Possible applications of "regularization" for linear models:

- Improve the *robustness* of factor-based predictive regressions
- Fuel an allocation scheme (Han et al., 2019; Rapach and Zhou, 2019)
- Improve the quality of mean-variance driven portfolio weights (Stevens, 1998)
- General idea: remove noises (at the cost of a possible bias)

## Penalized Regressions

### Simple Regressions

The classical linear function: $\boldsymbol{y}=\boldsymbol{X}\boldsymbol{\beta}+\boldsymbol{\varepsilon}$. 

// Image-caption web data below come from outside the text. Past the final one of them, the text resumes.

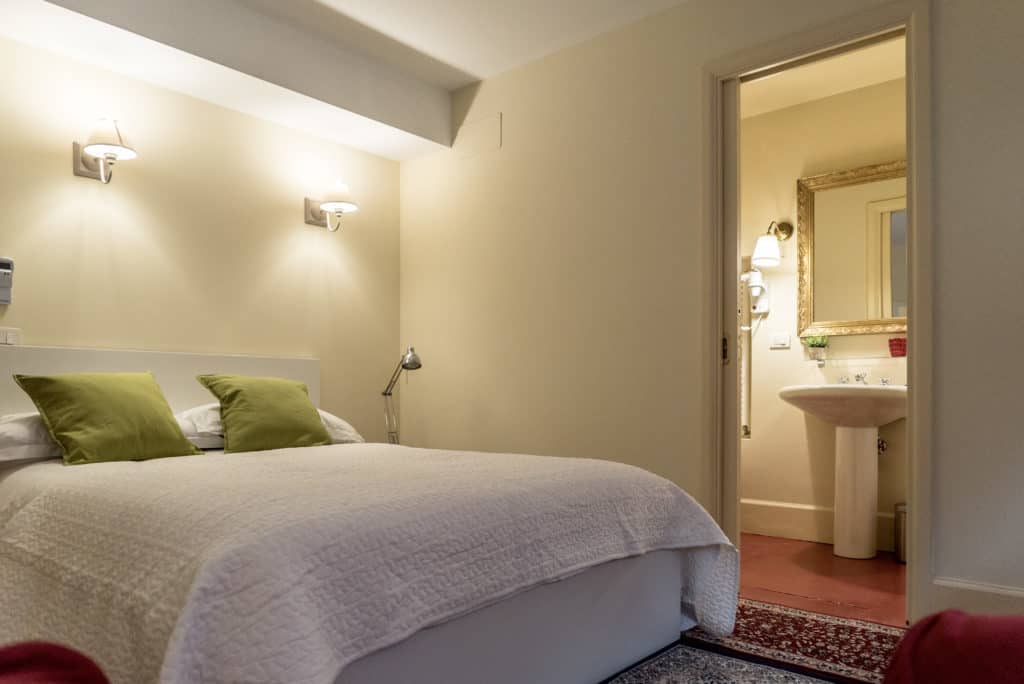 Right view of the small double bedroom with bathroom - Kandinskij House Apartment Right view of the small double bedroom with bathroom - Kandinskij House Apartment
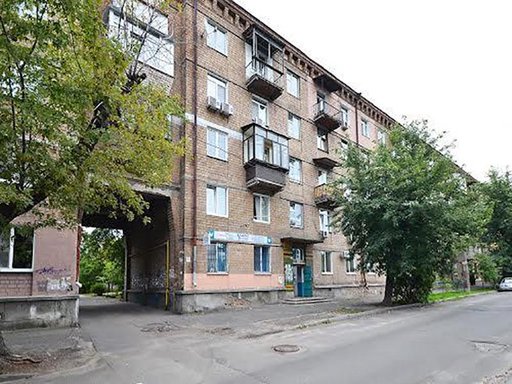 Продажа 3 кімнатної квартири на проспект Любомира Гузара 1-3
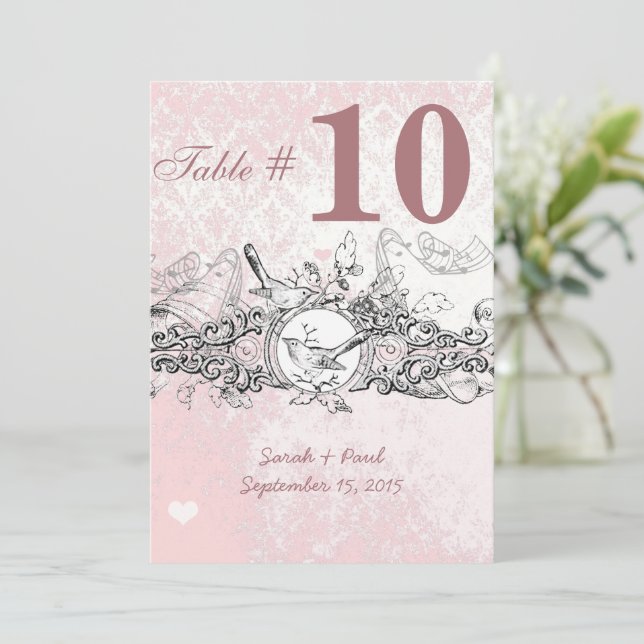 Invitación Número de tabla de boda de pergamino musical rosa  (Anverso de pie)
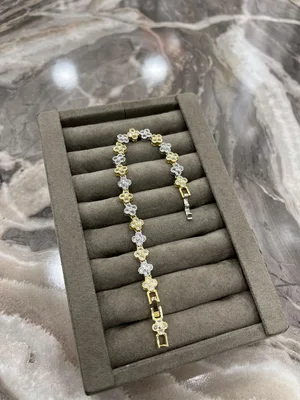 Altın Detaylı Taşlı Çiçek Model Çelik Bileklik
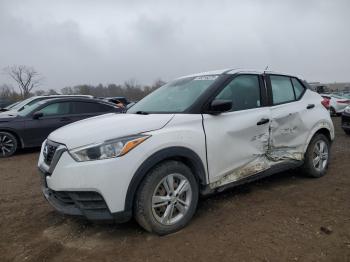  Salvage Nissan Kicks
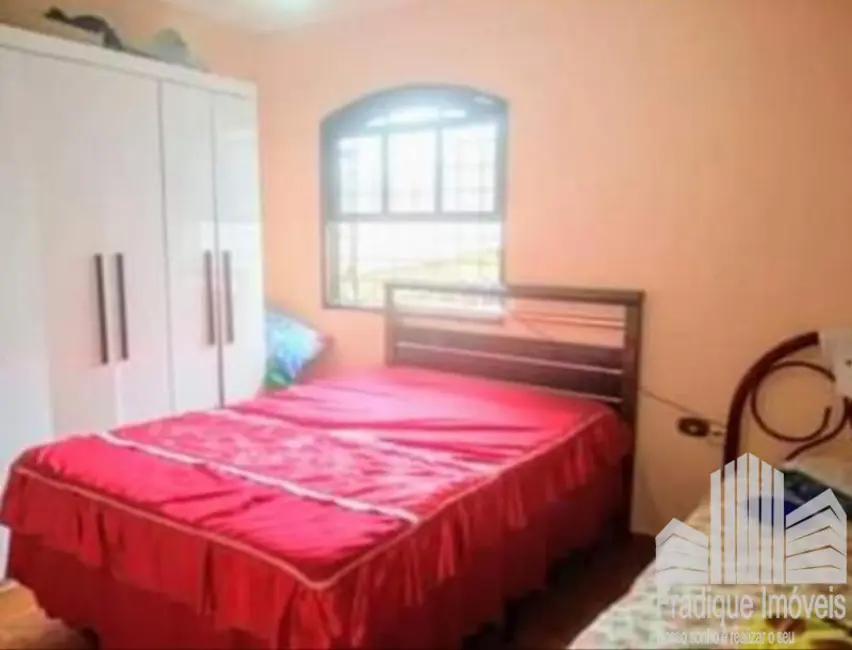 Foto 1 de Casa com 4 quartos à venda, 180m2 em Jardim São Miguel, Cotia - SP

The best choice of $\boldsymbol{\varepsilon}$ is naturally the one that *minimizes the error*. A general idea is to minimize the *square errors*: $L=\boldsymbol{\varepsilon}^{'}\boldsymbol{\varepsilon}=\sum_i \varepsilon_i^2$. The loss $L$ is called the sum of squared residuals (*SSR*). Take partial differentiation to get
\begin{align*}
\nabla_{\boldsymbol{\beta}} L&=\frac{\partial}{\partial \boldsymbol{\beta}}(\textbf{y}-\textbf{X}\boldsymbol{\beta})'(\boldsymbol{y}-\boldsymbol{X}\boldsymbol{\beta})=\frac{\partial}{\partial \boldsymbol{\beta}}[\boldsymbol{\beta}'\boldsymbol{X}'\boldsymbol{X}\boldsymbol{\beta}-2\boldsymbol{y}'\boldsymbol{X}\boldsymbol{\beta}] \\
&=2\boldsymbol{X}'\boldsymbol{X}\boldsymbol{\beta}  -2\boldsymbol{X}'\boldsymbol{y}
\end{align*}
so that the first order condition $\nabla_{\boldsymbol{\beta}}=\mathbf{0}$ is satisfied if $$\boldsymbol{\beta}^*=(\boldsymbol{X}'\boldsymbol{X})^{-1}\boldsymbol{X}'\boldsymbol{y}$$
which is known as the **standard ordinary least squares (OLS)** solution of the linear model. Two issues:

- Matrix $\boldsymbol{X}$ with dimensions $I\times K$. $\boldsymbol{X}'\boldsymbol{X}$ can only be inverted if $I$ (*nbs. of rows*) is strictly superior to $K$ (*nbs. of columns*). If there are more predictors than instances then there is no unique value of $\boldsymbol{\beta}$ that minimizes the loss.